Wandering Nomad: multimodal MoE

3.7.25

Baidu Open-Sources ERNIE 4.5: A Full LLM Family from 0.3 B to 424 B Parameters

A Flagship Release for the Open-Source Community

On July 1 2025, Baidu announced the open-source launch of ERNIE 4.5, a complete large-language-model family scaling from 0.3 billion to 424 billion parameters. The weights, training code, and evaluation suites are now freely available to researchers and enterprises under the Apache 2.0 license.

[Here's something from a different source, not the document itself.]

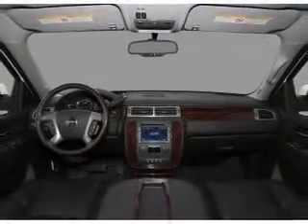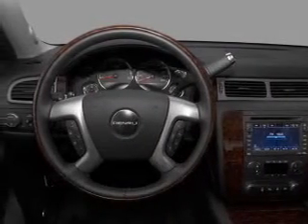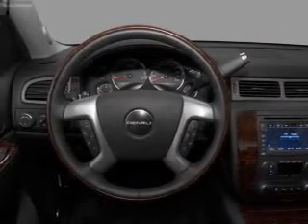Air conditioning, power door locks, power windows, power steering, cruise control, power mirrors, an alarm system, an AM-FM stereo with a CD player, and an adjustable tilt steering wheel.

Six Sizes, One Architecture

Model	Dense / MoE	Context Window	Target Hardware*	Intended Use
ERNIE-Tiny 0.3B	Dense	16 K	Mobile/Edge	Lightweight chat & IoT
ERNIE-Base 7B	Dense	32 K	1× A10 24 GB	Mainstream apps
ERNIE-Large 34B	Dense	128 K	2× A100 80 GB	RAG & agents
ERNIE-XL 124B	MoE (8 experts)	256 K	4× H100 80 GB	Multimodal research
ERNIE-Mega 276B	MoE (16)	256 K	8× H100 80 GB	Enterprise AI
ERNIE-Ultra 424B	MoE (24)	1 M	TPU v5p / 16× H100	Frontier-level reasoning

*at int8 + FlashAttention-2 settings

Technology Highlights

FlashMask Dynamic Attention – a masking scheme that activates only the most relevant key-value blocks per token, cutting memory by 40 % while retaining context depth.
Heterogeneous Multimodal MoE – vision-audio experts share early layers with text, enabling cross-modal reasoning without separate encoders.
Knowledge-Centric Corpus – Baidu’s in-house “Wenxin KG-2” injects 4 T tokens of curated facts and regulations, boosting compliance answers.
Self-Feedback Post-Training – iterative reflection steps reduce hallucination rate by 28 % vs. ERNIE 4.0.

Benchmark Performance

Benchmark (June 2025)	GPT-4.5*	ERNIE 4.5-Ultra 424B	ERNIE 4.5-Large 34B
MMLU (5-shot)	88.7 %	89.3 %	82.1 %
MathGLUE	55.4 %	57.2 %	48.0 %
VQA-v2 (zero-shot)	83.0 %	84.6 %	78.9 %
Code HumanEval+	93.5 %	94.1 %	87.3 %

*closed model; public leaderboard values. ERNIE 4.5 data from Baidu release notes.

Why It Matters

End-to-End Transparency – full training configs (FlashMask, MoE routing, safety filters) are published, enabling reproducible research.
Scalable Deployment – identical API across sizes lets startups choose Tiny/7B locally and swap to 424B in the cloud without prompt changes.
Multilingual & Multimodal – supports 34 languages and native image, audio, and short-video tokens out of the box.
Cost Innovation – FlashMask and MoE shrink inference FLOPs by up to 55 % versus dense GPT-4-class models, lowering GPU bills for enterprise users.

Access & Tooling

Hugging Face Hub – weights and safetensors for all six checkpoints.
Docker & vLLM Images – ready-to-serve stacks with Triton / TensorRT-LLM.
Agent Starter Kits – sample Model-Context-Protocol (MCP) tools for retrieval, calculators, and code execution.
Chinese & English Docs – prompt templates, fine-tuning scripts, and safety policy examples.

Roadmap

Baidu’s research blog notes upcoming “ERNIE 4.6” experiments with FlashMask-2 and sparse Mixture-of-Experts vision heads, plus a policy-aligned Turbo variant targeting 80 % cheaper inference for chat applications.

Takeaway
With ERNIE 4.5, Baidu throws open the doors to a fully transparent, parameter-scalable, multimodal LLM family—giving practitioners a home-grown alternative to closed giants and pushing the frontier of what open-source models can achieve.